> [Exercise objective]
Scan the listing below. Return every line containing the string "open".

> [Study material]
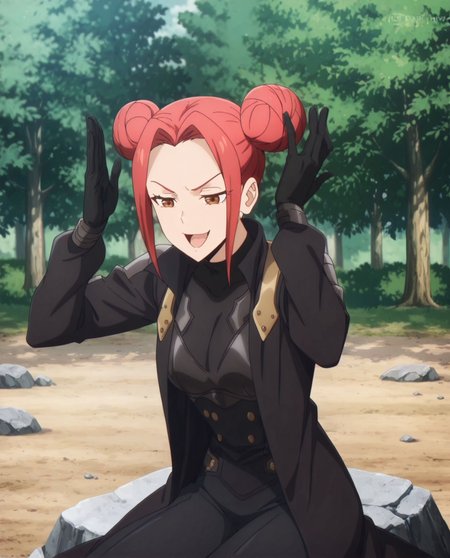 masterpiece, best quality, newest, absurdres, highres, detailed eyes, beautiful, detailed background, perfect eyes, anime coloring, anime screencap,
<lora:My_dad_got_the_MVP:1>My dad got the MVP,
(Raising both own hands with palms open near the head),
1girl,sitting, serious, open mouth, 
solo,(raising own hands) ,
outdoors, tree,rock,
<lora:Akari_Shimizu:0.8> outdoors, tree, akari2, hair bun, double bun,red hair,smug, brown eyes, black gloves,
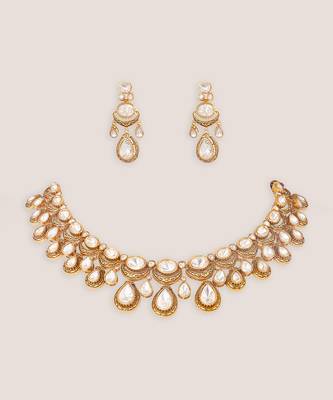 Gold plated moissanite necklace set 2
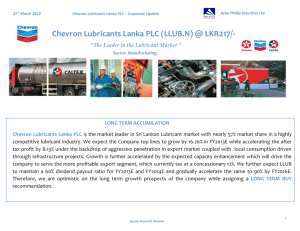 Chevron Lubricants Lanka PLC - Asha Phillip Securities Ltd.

> [Answer for this exercise]
(Raising both own hands with palms open near the head),
1girl,sitting, serious, open mouth, 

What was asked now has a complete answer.